GidonMarcus, versions are as follows: - ONTAP: 8.1.4P4 7-Mode - DFM: 5.2.1RC1
François, that's very interesting information! While my Vmware admin is telling me we don't run VASA currently, it does sound like a similar situation (Slow API response!). The controllers seem to have slow API responses around the times the controllers are very busy. Periods of no statistics occur when:
- Server backups are running (In-guest backups). - Snapmirrors are replicating (And sometimes for a period after the replication is completed).
It could be a combination of these system heavy tasks and other management systems overloading the API buffer (I'm not sure if that's a thing, but you know what I mean). Thanks for the idea for zexplore and packet trace of the mgmt interface. I should be able to do some comparisons and see if there is a particular management system causing API storms.
I really don't think it's a DFM issue, as it just looks like the controller itself is not responding to DFM. There could be a work around if I could configure DFM to wait longer for API response, but I haven't found option yet (it may not even exist!).
Interesting info that one node in the HA pair is ok while the other is not, and that it occurs on a predictable schedule which coincides with heavy workload.
In Data ONTAP APIs and CLI are handled by threads that run at a lower priority than most others. As a consequence, if the system is super busy and out of total CPU, those processes might have to queue a long time for CPU (i.e. starved). This design prioritizes frontend client work when resources are scarce. Maybe the system is just so busy that this situation is occurring? You could try running "priv set diag;sysstat -M 1" to see if CPU is scarce in that time window. The most interesting columns are AVG (total CPU use) and Host (which includes API work). If you post a snippet here we can take a look. Or, you might want to open a support case to get more troubleshooting steps to isolate root cause.
Yeah, I'm thinking it's controller busy situation. That in combination with a noisy API workload from other storage management systems. I wanted to verify slow API via a system external to DFM (And I didn't get zexplore working yet), but I've heard about VSC having issues around this sort of time. So I went into VSC and indeed the filers that weren't displaying graphs in DFM and were also timing out to API calls, were also timing out in VSC too!

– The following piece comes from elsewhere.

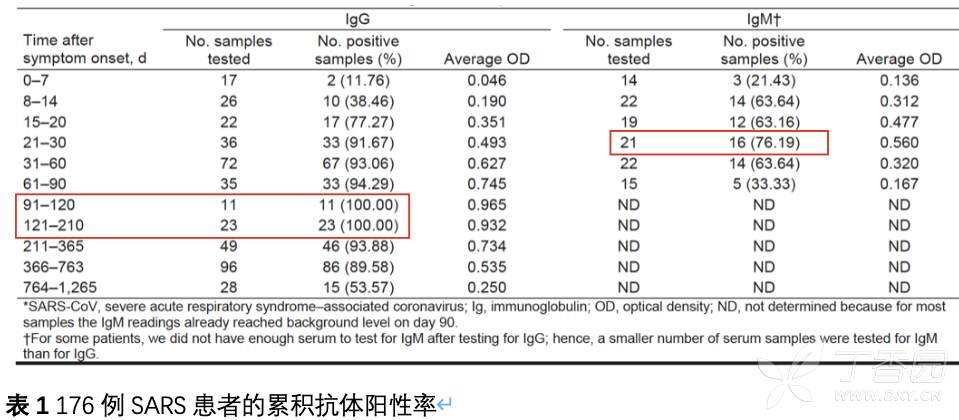 支原体感染_感染支原体的原因_感染支原体衣原体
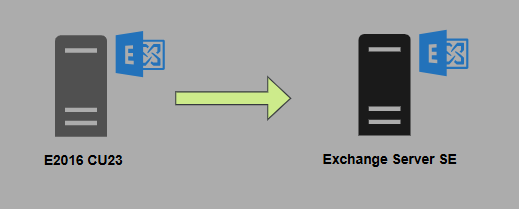 Migración de Exchange 2016 a Exchange Server SE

So I stopped DFM services and instantly VSC started to get quick responses to API calls and displayed filer information successfully. I tested this multiple times and yep, stop DFM and VSC interacts rapidly with the filers again. Funnily enough, once I started the DFM service the final time, even the DFM API calls started responding (and perf graphs displaying correctly in DFM ).
Here is an sysstat -M example during no graphing/api response (You might need to copy into notepad.. sorry about that ):
With that last bit of info from the dfm logs it becomes more clear. I think there is a very good chance you are encountering issues related to memory consumption on the storage controller. In short, the controller limits the amount of memory available to API calls to ensure it doesn't interfere with the stability of the system. If the system is busy (lots of memory in use) then the allocation for some perf APIs (which are big consumers of memory) are the first ones to fail. I think this is exactly what is happening in your situation. Fortunately, there are fixes available for DFM to be use the APIs in a more efficient way and in Data ONTAP to be more efficient when allocating memory to respond to those API calls.